Die Werte des Liberalismus gelten für alle

Warum die Beschäftigung mit den für uns abseitigen Weltanschauungen? Es zeichnet sich ab, dass der liberale Westen nicht einfach der Standard der modernen Welt ist, dass es nur einige bedauerliche periphere Abweichungen gibt. Vielmehr zeigt sich, dass große Teile der Menschheit in Ländern leben, die diese Standards nur wenig berücksichtigen. Und die Geschichte ist kein Selbstläufer hin zu immer mehr Liberalismus und Demokratie! Die nicht-liberalen Staaten repräsentieren immer noch den weitaus größten Teil der Menschheit. Allein in China leben so viele Menschen wie in dem gesamten traditionellen Westen. Übrigens sind bei den obigen Referenzautoren noch nicht die vorherrschenden Strömungen in Indien (Modi) und in muslimischen Ländern wie Pakistan, Indonesien berücksichtigt. Dies würde noch mehr deutlich machen, wie wenig liberale Werte einfach als Standard der Welt angenommen werden können.

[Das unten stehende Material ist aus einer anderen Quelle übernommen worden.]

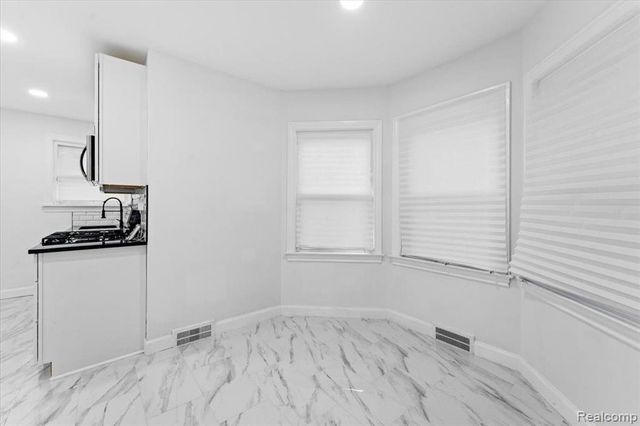 11943 E Outer Drive, Detroit, MI 48224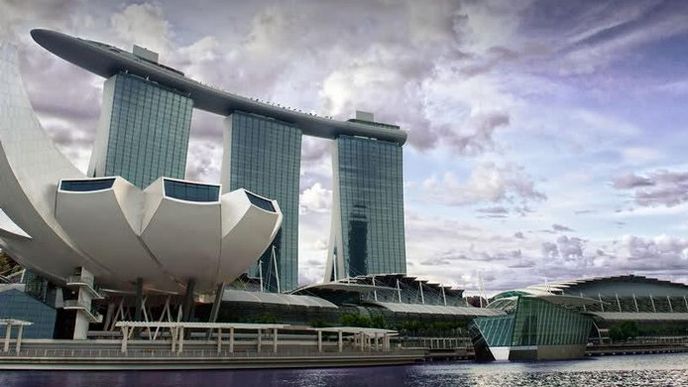Jde o ikonu Singapuru, často zobrazovanou na pohlednicích i fotografiích tohoto bohatého městského státu. Připomíná surfovací prkno posazené na třech věžích.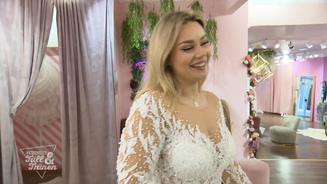 Anissa muss ihre Tattoos verstecken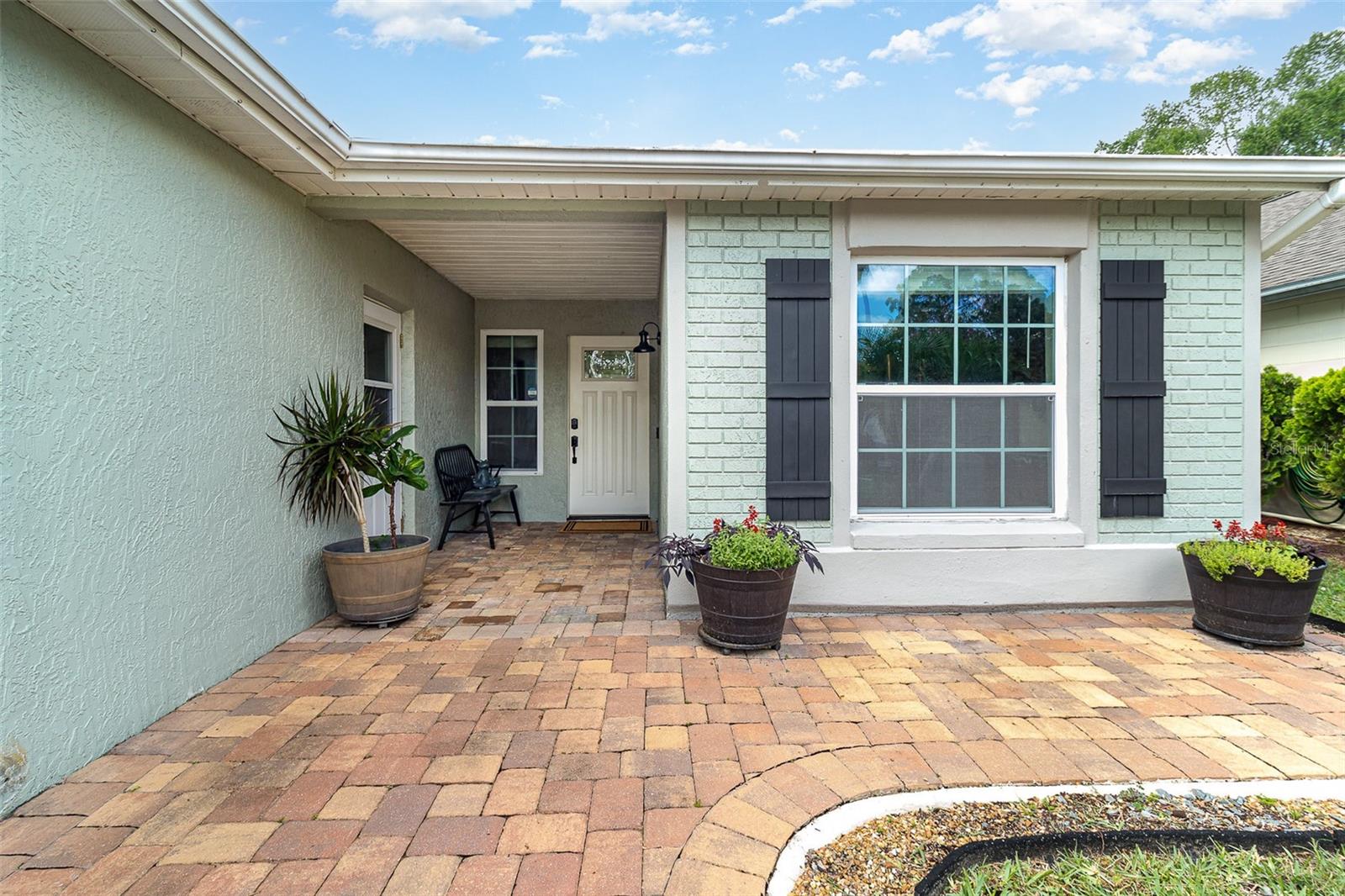 1096 DEES DRIVE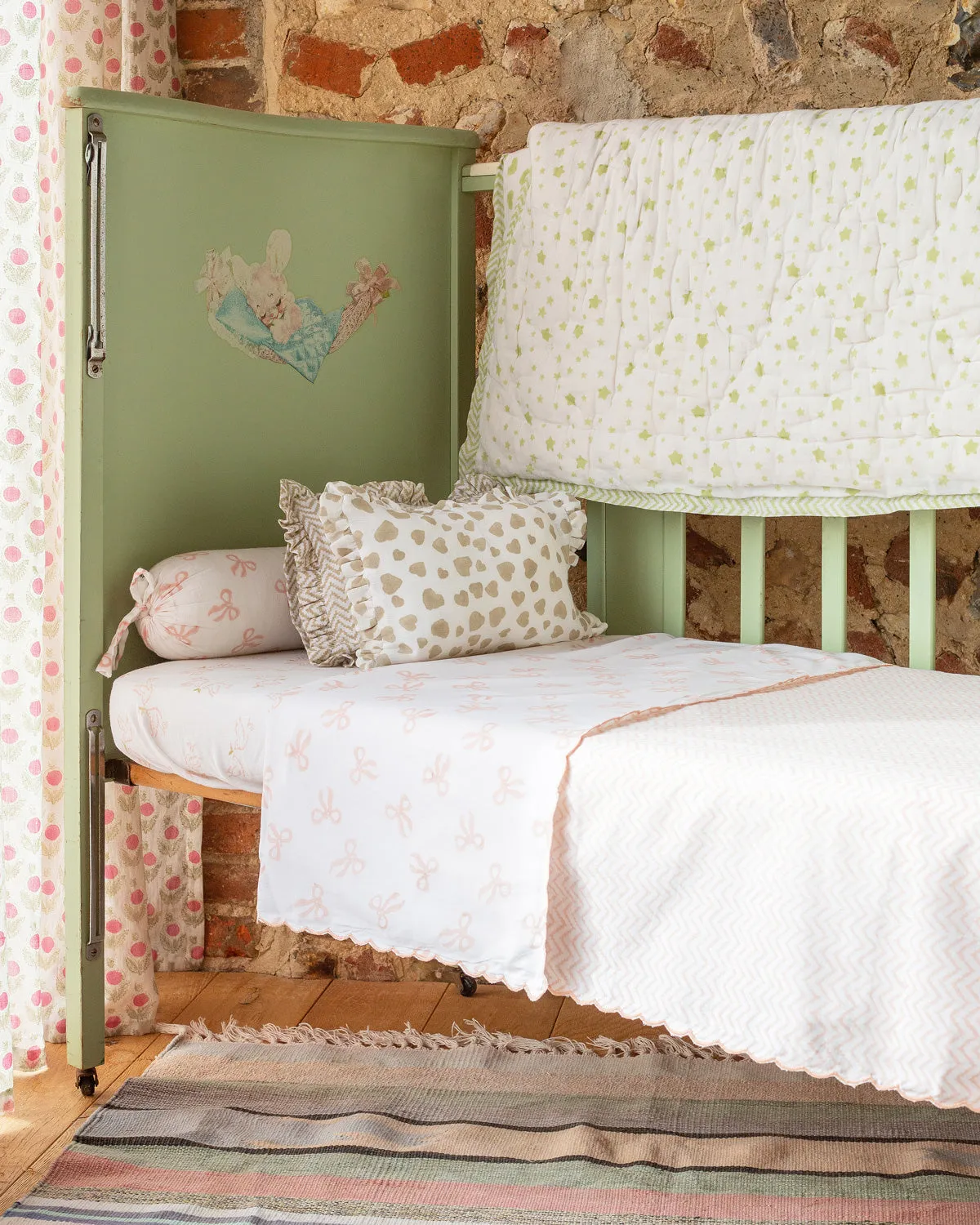 Cosmos Cot Quilt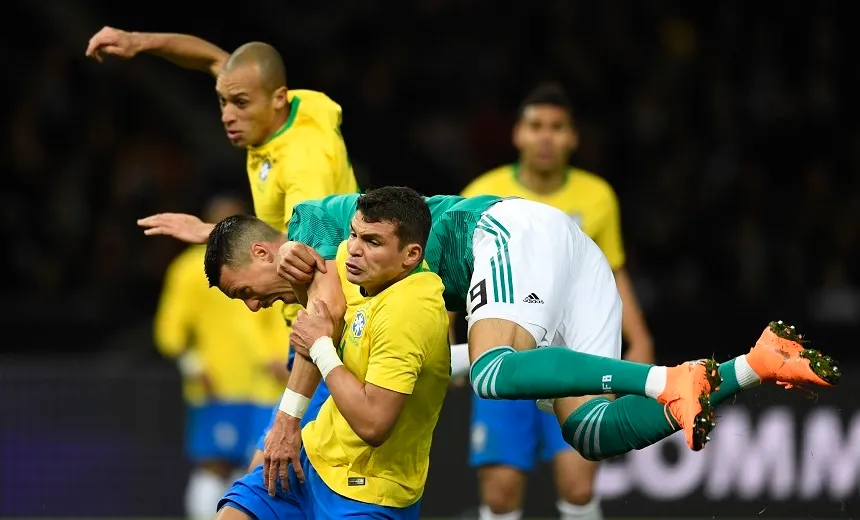 Solidez de Miranda e Thiago Silva dá segurança à defesa da seleção brasileira na Copa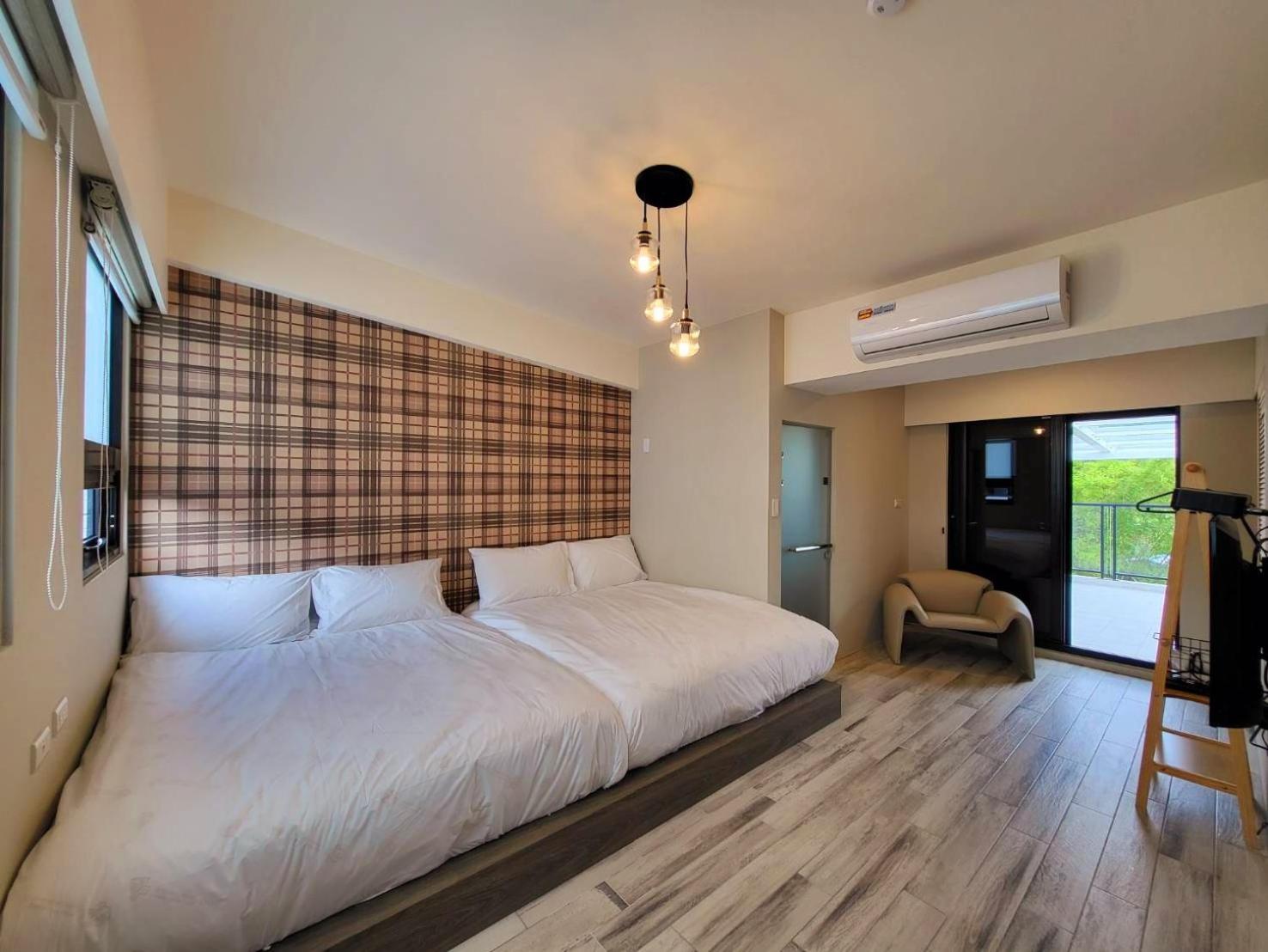 Quadruple Room with Bath photo 1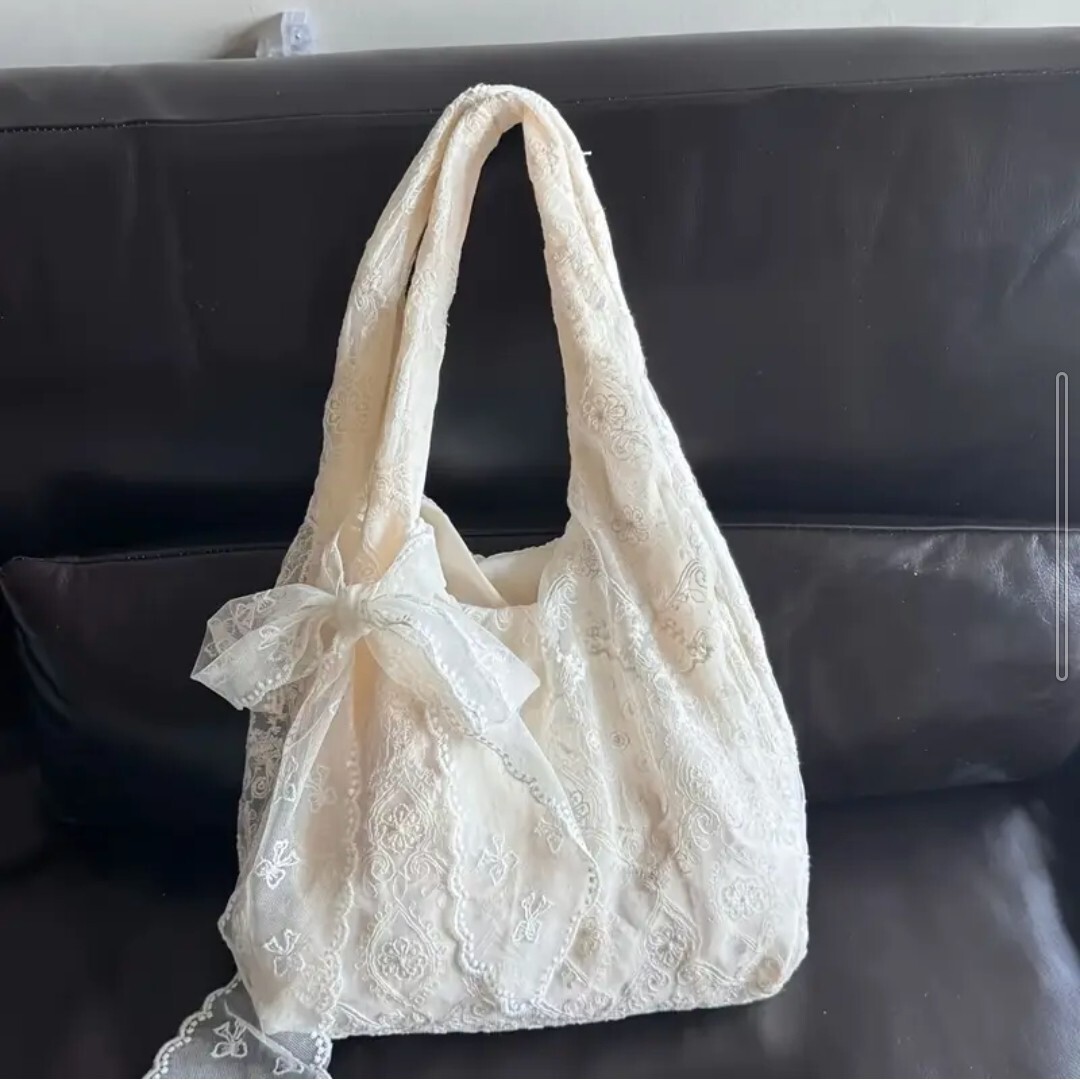ホワイトナイロン　レディースショルダーバッグ　オープントップ　トートバッグ　レース風刺繍　エコバッグ　サブバッグ　リボン　白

Für einen streitbaren Liberalismus

Was heißt das? Wir brauchen weniger einen selbstgefälligen Liberalismus, der sich eh schon auf der Seite der Sieger wähnt, als stärker einen streitenden Liberalismus, einen, der nicht leichtfertig sich zum natürlichen universalen Wahrheit und zum Sieger der Geschichte erklärt, sondern der um die Mühen weiß, die vor uns liegen, damit die liberalen Werte tatsächlich zu einem Standard der meisten Menschen der Welt werden können. Hier braucht es eine echte Auseinandersetzung mit den immer noch sehr starken Alternativen. Wir brauchen eine offene Wahrnehmung der weltanschaulichen Differenzen in der Welt. Viele Beiträge in den Feuilletons dieser Tage wie der von Herrn Assheuer weisen in diese Richtung. Es bleibt noch viel zu tun.